Share your dilemmas and get honest opinions from other Mumsnetters.

Friend wants to move in for 'a few months..'

999 replies

islandhoppin · 24/08/2021 21:31

So I feel really torn, and extremely anxious.
This evening, out of the blue, my best friend has asked if she can come and move into mine and my DP's home.

I believe it's because she wants to sell up where she is currently, split the money with the other person she's bought with, snd then move out into a new property with her new partner.
She's totally put me on the spot.. I feel sick with anxiety.

My concerns are:

  • this could easily become longer than a few months
  • she has an extremely badly behaved dog that would be coming too
  • I have two dogs, one of which is territorial and one that is very nervous, adding another to the mix could cause issues
  • I am trying to house train one of my dogs at the moment
  • dogs arrangements.. I don't know where hers would stay, it's used to sleeping upstairs with her whereas mine aren't allowed upstairs
  • her partner.
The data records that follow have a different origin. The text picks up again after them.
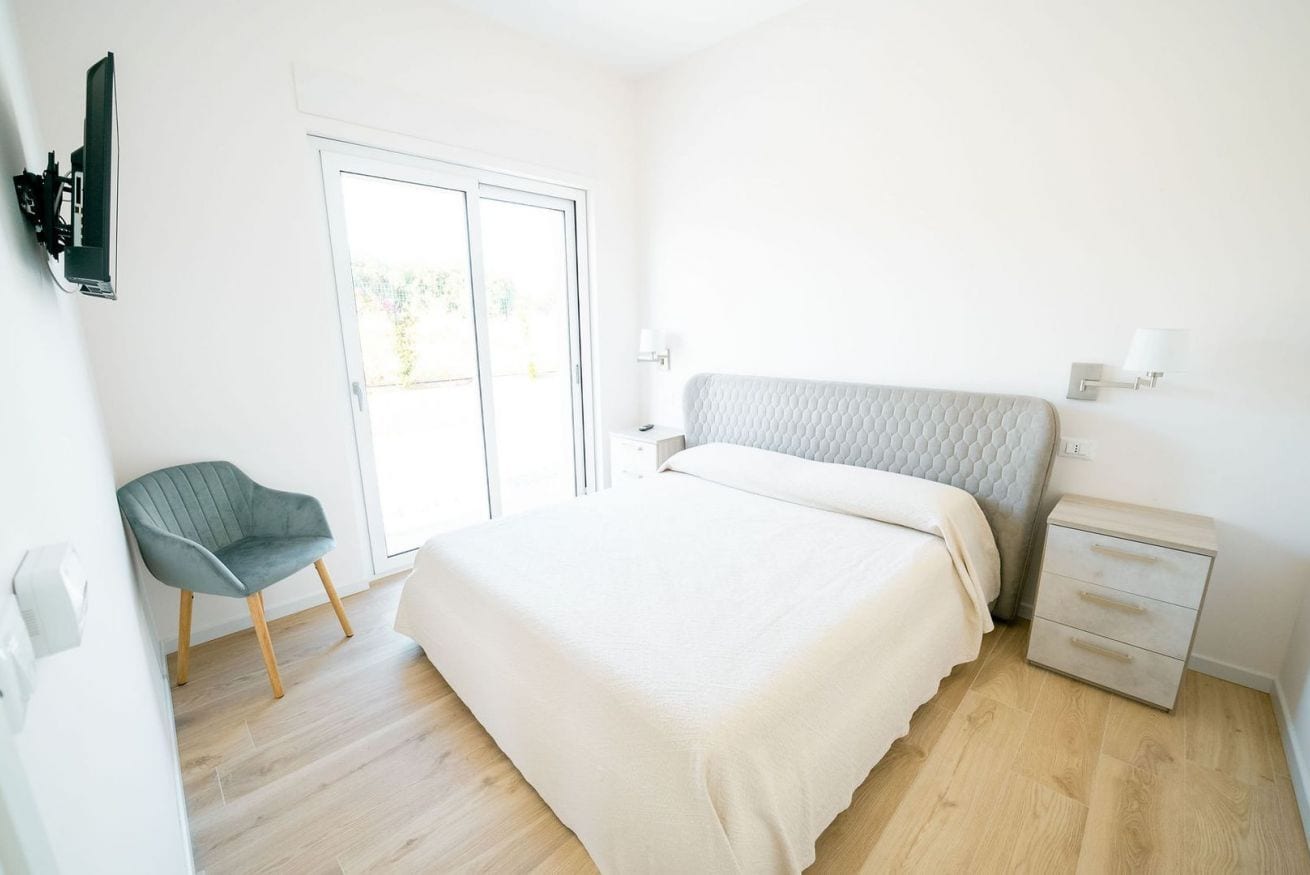 A bedroom with a bed, a chair, a bedside table, and a window.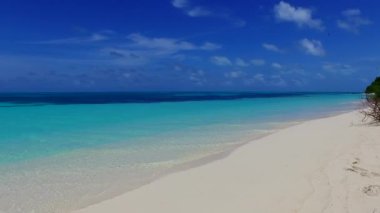 Mavi okyanus kıyısındaki sakin sahil tatilinin ve dalgaların yakınındaki beyaz kumlu arka planın uzay yolculuğunu kopyala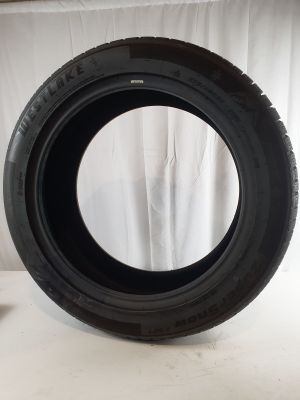 a close up of a tire on a white surface with a white curtain in the background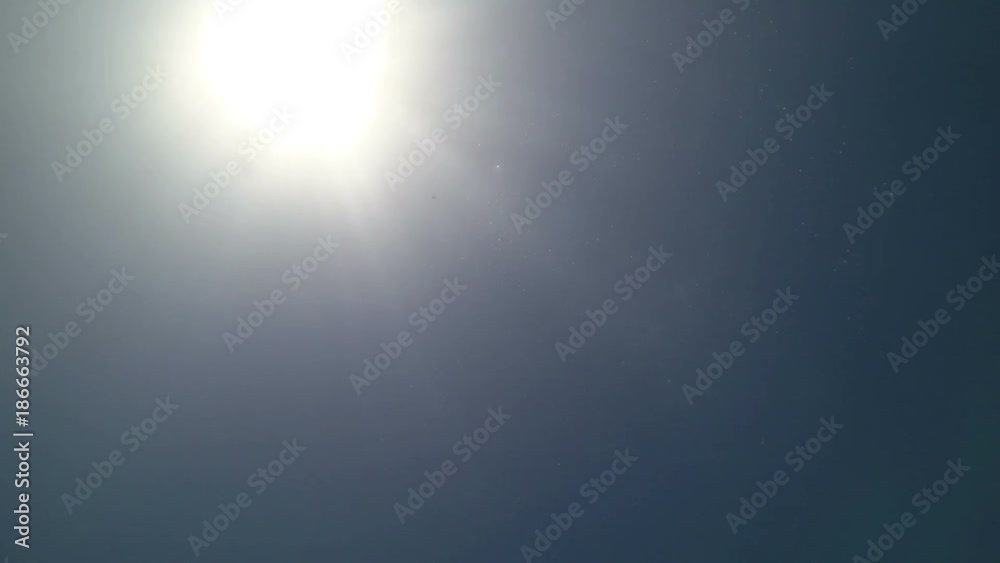 Underwater view of man on inflatable mattress swimming in sea water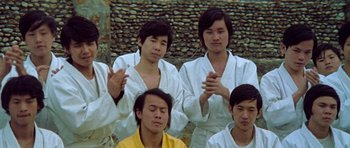 Movie still from “Enter the Dragon” (1973), directed by Robert Clouse – A group of young men standing next to each other; Medium shot, High angle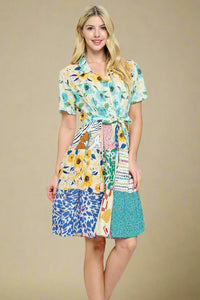 Model is wearing a patchwork dress. 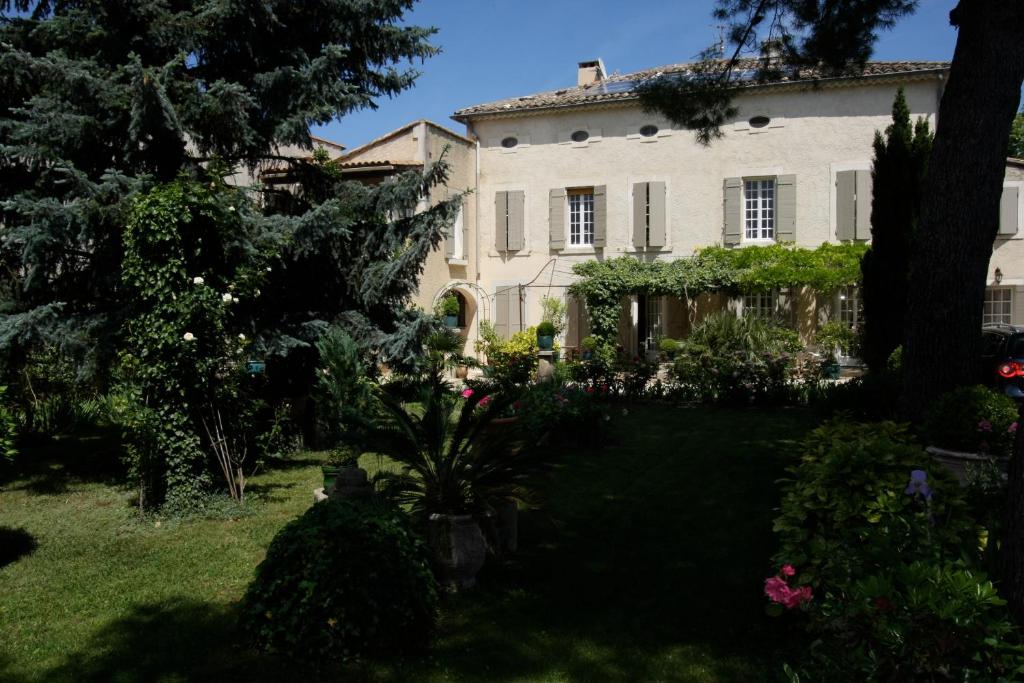 an old house with a garden in front of it at Mas Alpilles Soleil in Saint-Rémy-de-Provence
He doesn't live with her but comes and goes as he pleases, works unsociable hours and has a noisy large truck that will guarantee to wake my neighbours. We are in a very quiet residential area.
  • her partner smokes inside the house, has also done it here before when they came for tea; and I caught him lighting up in my living room.
  • my mental health. I suffer with anxiety, depression and OCD. My home is my safe space and my sanctuary, I don't think I could hack this, I know that sounds so incredibly selfish of me.

I'm beating myself up over this. I feel awful, selfish, like a terrible friend. I know she'd do this for me if I needed her. But I feel like I just couldn't hack this right now.

What do I do! ☹️

OP posts:
Thread gallery
7
crochetmonkey74 · 25/08/2021 15:10

Oops sorry OP just saw your update that DP isnt happy either, that's good, she has no wiggle room there.
I wouldn't engage further now than one sentence answers "we still wont be able to do it, hope you find somewhere"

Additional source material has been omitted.